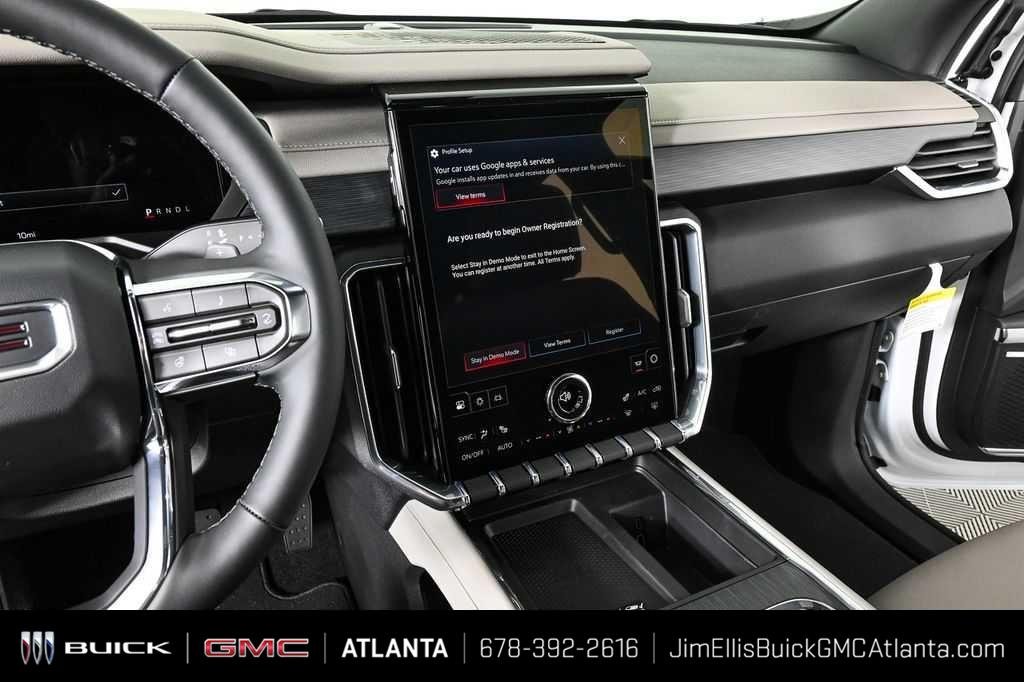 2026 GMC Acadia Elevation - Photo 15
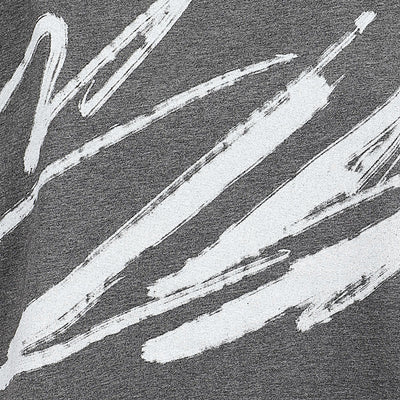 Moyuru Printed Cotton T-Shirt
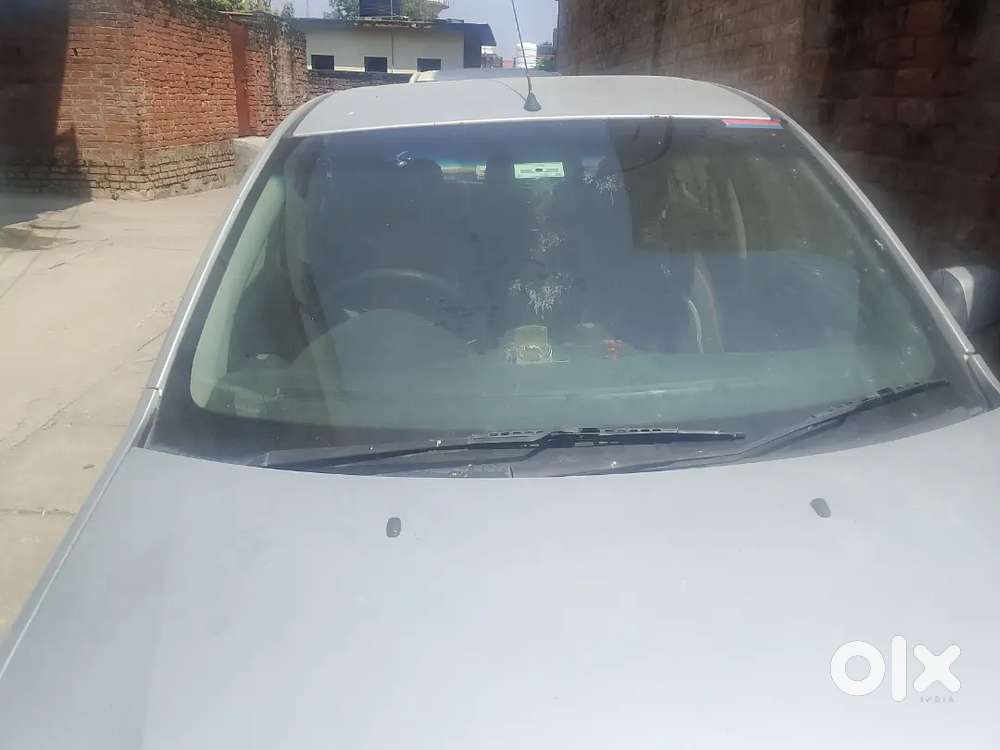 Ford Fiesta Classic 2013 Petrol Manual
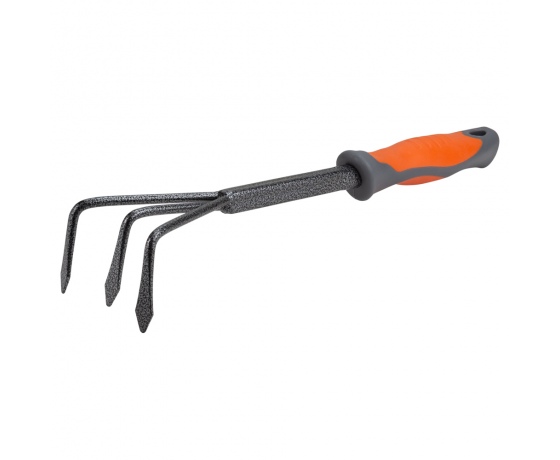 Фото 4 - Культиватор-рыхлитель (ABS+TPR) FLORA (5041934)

=-=-=

### AIM OF THE EXERCISE
Copy out the lines above unchanged. Skip the images.

### WORKED SOLUTION
 2026 GMC Acadia Elevation - Photo 15
 Moyuru Printed Cotton T-Shirt
 Ford Fiesta Classic 2013 Petrol Manual
 Фото 4 - Культиватор-рыхлитель (ABS+TPR) FLORA (5041934)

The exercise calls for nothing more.